Changing lives for the better
National Volunteer Week serves as a reminder to show gratitude to those who serve our community without asking for anything in return. Whether they are in the emergency services or some other sector of the community, they give up their time to make the Great Southern a better place. The theme for this year’s National Volunteer Week is Changing Communities. Changing Lives.
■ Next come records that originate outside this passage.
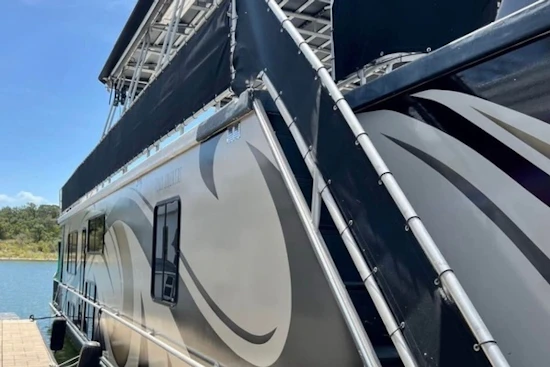 Sumerset 77 Yacht For Sale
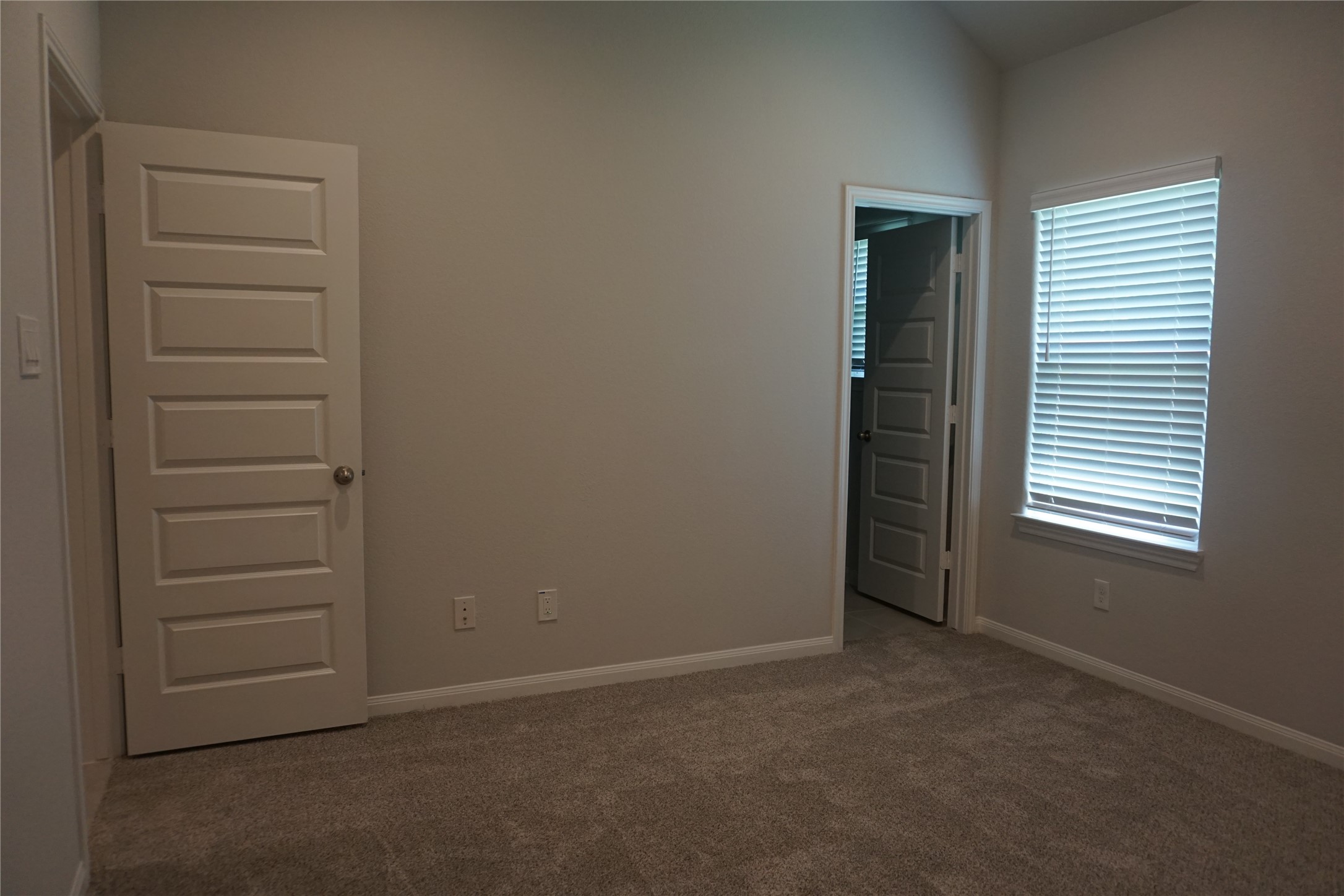 11893 East Gate Drive Property Photo 15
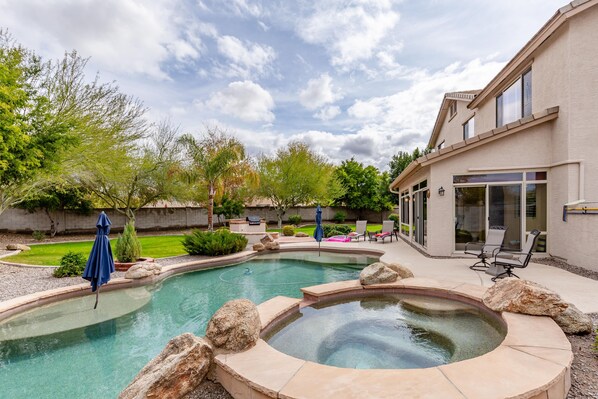 Lämmitetty uima-allas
Shannon Smith speaks to five men and women who do just that.
Emergency service volunteers are often asked to drop everything to help others in danger.
Albany’sScott Larking is one of these people.
Mr Larking has been a volunteer with the Albany State Emergency Service for three years, serving as the communications officer and assistant manager.
He makes sure that everyone knows their role at each call-out, whether it is a rescue on a walk trail, a gruelling search or helping residents with storm damage.
Some days, he said he could walk away from a job and cry — but it was all worth it to help out his community.
“It is very hard work and it is both mentally and physically exhausting,” he said.
“I had been working for 30-odd years and felt like giving back to the community. It can be really sporadic and there are never two calls that are the same.”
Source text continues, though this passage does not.